Grâce à son emplacement central, le café est également devenu un point de rencontre naturel pour les personnes évacuées des régions nord et sud d’Israël, relogées dans la ville. Karp souligne la camaraderie unique qui s’est développée entre ces deux groupes, décrivant « une compréhension commune de ce que signifie être déplacé dans son propre pays ».
Comme pour illustrer ces propos, une femme âgée du kibboutz Manara, dans le nord, s’approche pour échanger avec Karp sur sa récente visite dans son kibboutz – la première depuis l’accord de cessez-le-feu conclu fin novembre avec le groupe terroriste chiite libanais du Hezbollah, fin novembre. Leur conversation, ponctuée de rires qui semblent presque déplacés au vu de la situation, tourne autour des défis de la reconstruction.
« Il faudra au moins dix ans pour tout reconstruire », constate la femme en souriant. Plus de 70 % des maisons de Manara ont été endommagées, et des fragments de roquettes jonchent encore le sol, poussant certains habitants à comparer leur village à Tchernobyl.
Les deux femmes se serrent dans les bras avant que la plus âgée ne s’éloigne, une scène qui se reproduira à plusieurs reprises tout au long de l’après-midi.
« Parfois, les gens me reconnaissent à la suite de mes apparitions à la télévision, mais certains hésitent à venir me parler ou à me serrer dans leurs bras », confie encore Karp. « Pourtant, ce contact est pour moi comme un véritable chargeur humain. »
Sur les 450 résidents de Reim, environ une centaine sont retournés chez eux. Toutefois, selon Karp, de nombreux voisins temporaires à Tel Aviv ressentent des émotions partagées face à ces départs. « D’un côté, ils sont heureux de nous voir rentrer chez nous, mais de l’autre, ils aimeraient que nous restions. Notre présence ici a permis de donner un visage au 7 octobre », explique-t-elle.
L’anémone rouge, ou kalanit – la fleur nationale d’Israël, omniprésente dans la région de Reim – est aussi omniprésente dans le café : brodée sur les uniformes du personnel, imprimée sur les gobelets à emporter et exposée sur les objets en céramique mis en vente.

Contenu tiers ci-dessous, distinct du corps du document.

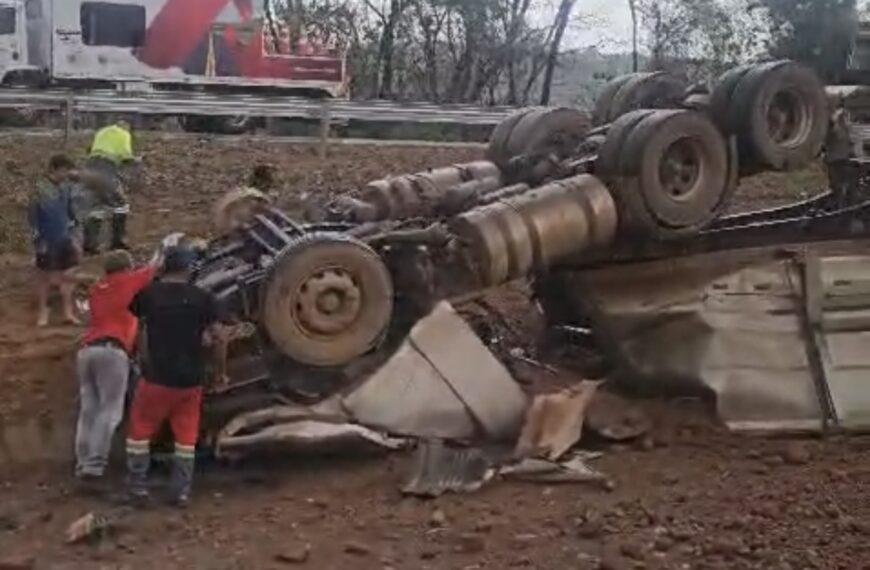 Tragédia na BR-364: motorista morre após carreta capotar em Jaciara no sentido Rondonópolis; vídeo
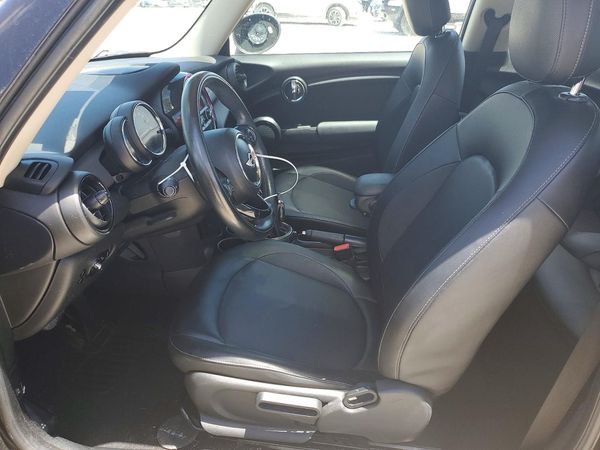 2016 MINI COOPER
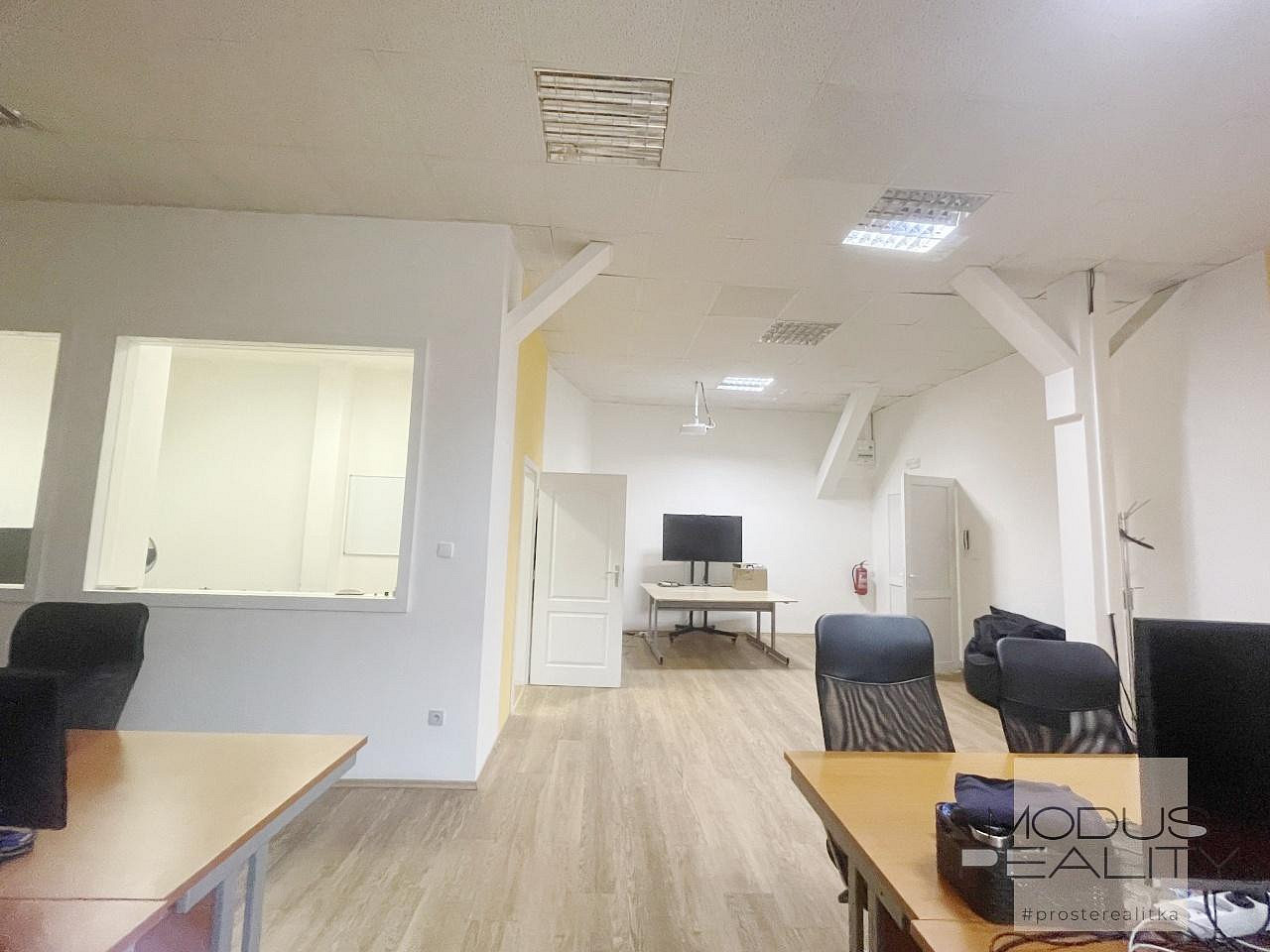Pronájem kanceláře 180 m² – fotografie 2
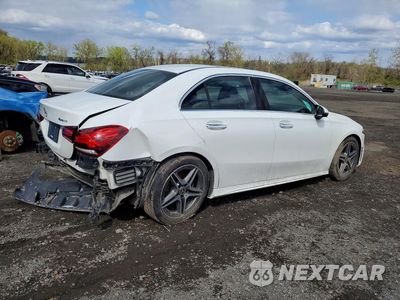 Trzecie zdjęcie samochodu z tyłu: 2022 MERCEDES-BENZ A 220 4MATIC VIN:W1K3G4FB5NJ364589 - miniatura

Pour le reste, peu d’éléments dévoilent explicitement la mission profonde du café. L’un des signes les plus discrets est une affiche sobre accrochée au mur, où un texte minuscule en spirale passe presque inaperçu.
Créée par Adi Drimer, un professeur d’art, originaire de Reim, cette œuvre contient les messages bouleversants échangés sur le groupe WhatsApp du kibboutz le 7 octobre. Karp y souligne son propre appel glaçant de ce jour-là, lorsqu’elle suppliait les membres du kibboutz de sauver ses enfants : « Urgent ! Urgent ! Daria et Lavi sont seuls », peut-on lire. « Dvir a été assassiné. »
Karp explique que la décision de ne pas faire du café un lieu ouvertement marqué par le pogrom a été délibérée, afin de respecter ceux qui préfèrent séparer leur café de leur chagrin.
« Nous ne voulons pas non plus sombrer dans la tristesse », ajoute-t-elle. « C’est un lieu de renouveau, et voir que nous avançons inspire les autres à en faire autant. »
Barelko nourrit de grands projets pour la chaîne. Deux nouveaux établissements devraient ouvrir dans les prochaines semaines : l’un à Rehovot, baptisé Café Otef-Sderot, destiné aux habitants de cette ville du sud, et l’autre, curieusement nommé Café Otef-Kiryat Shmona, en hommage aux résidents de la ville du nord déplacés pendant quatorze mois.
Il prévoit également de lancer des camions-restaurants dans différentes régions du pays et d’étendre l’initiative en y intégrant des soldats invalides de guerre, dont le nombre est estimé à plusieurs milliers.
« Finalement, nous avons compris qu’il s’agissait de la meilleure approche pour la réinsertion. Elle permet de construire à la fois l’espoir et la résilience », a-t-il déclaré.